Pero no hay que engañarse, hay también otras razones, otras realidades que empujan a personas LGTB a permanecer dentro de comunidades y entornos familiares cristianos que predican la homofobia. Hay muchas personas LGTB que tienen responsabilidades, que son pastores, diaconas, que son directoras de alabanza, que llevan grupos de jóvenes.. hay cristianos y cristianas LGTB que viven de la iglesia, que su manutención y la de sus hijos e hijas dependen de los riesgos que estén dispuestos a correr. Hay muchas personas LGTB que son cómplices de la homofobia, y en su caso, doblemente culpables del sufrimiento de muchas personas. Demasiada gente que no quiere perder su estatus, o su dinero, o su poder... y que después dicen vivir atormentados por sus sentimientos. A todas ellas y a todos ellos, “más les valdría ser arrojados al fondo del mar con una piedra de molino atada al cuello” (Mt 18,6).

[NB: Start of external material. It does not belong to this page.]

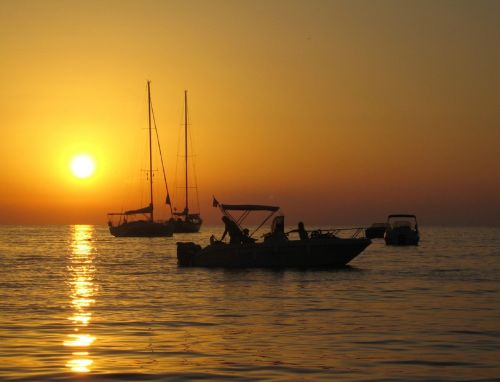 sunset ocean boats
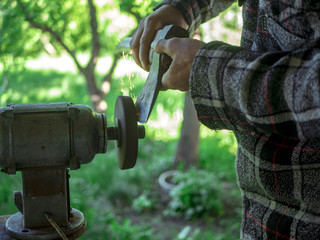 close up hand grinding axe outdoor with many sparkles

Las cristianas y cristianos LGTB que prefieren no autoengañarse, que son conscientes de que sus familias, sus iglesias, sus entornos, no les pueden ayudar en su deseo de tener una vida digna, pueden ver como el mandato que Dios dirigió a Abram se convierte en el único mandato posible que Dios les dirige hoy a ellas y ellos:“Vete de tu tierra, de tu parentela y de la casa de tu padre, a la tierra que te mostraré”. No es fácil dejar el lugar del que siempre se ha querido formar parte, pero el sistema patriarcal no es un lugar seguro para nosotros. El miedo a lo desconocido paraliza, pero la única posibilidad real que nos queda si no queremos estar toda la vida sometidos, es la que Dios pone delante nuestro: salir hacia otros mundos posibles, construirlos si es necesario, para poder ser libres. Libres para a mar a Dios, amarnos a nosotros mismos y a nuestros prójimos tal y como son. Cada día que retrasamos esa decisión es un día perdido para la vida, para nuestra vida.

La promesa que Dios le hizo a Abram es que ese lugar, esa tierra prometida, no era sólo un lugar donde refugiarse, un lugar donde huir y esconderse. La tierra prometida era un lugar con una promesa: “Haré de ti una nación grande, te bendeciré, engrandeceré tu nombre y serás bendición”. Nos movemos hacia espacios de inclusión para todas y todos, espacios que se harán reales en la medida que seamos capaces de construirlos. Podemos disfrutar de lo que otras personas han hecho, de su trabajo en momentos mucho más difíciles que el nuestro, pero no somos llamados a una tierra donde todo está hecho ya, vamos a una tierra “donde mana leche y miel”, pero tendremos que esforzarnos y ser valientes para hacerla nuestra. Así podremos ser bendición para los demás. Desde esos lugares, desde esas nuevas maneras de entendernos, de entender el mundo y a Dios, podremos ir transformando el resto del mundo para hacerlo más justo.

El reto puede dar vértigo, pero es la única posibilidad que nos queda y que realmente puede traernos vida. Salir del mundo en el que nacimos y que no nos quiere, para ir hacia otro mundo donde poder disfrutar de la dignidad que Dios nos ha dado como hijos e hijas suyos. Hay que ser muy valientes y enfrentarse a los miedos que nos atormentan cada día, pero Dios nos ofrece una promesa, él nos bendecirá, nos engrandecerá y nos permitirá ser de bendición para otras personas. El evangelio no se vive en la casa de nuestros padres, y eso lo sabemos muy bien, si queremos seguir la promesa de Dios tenemos que abandonarla. Si queremos vivir, hay que ponerse hoy mismo a caminar, con la esperanza puesta en la promesa de Dios. Quienes confiaron antes que nosotros en Dios, no han sido defraudados.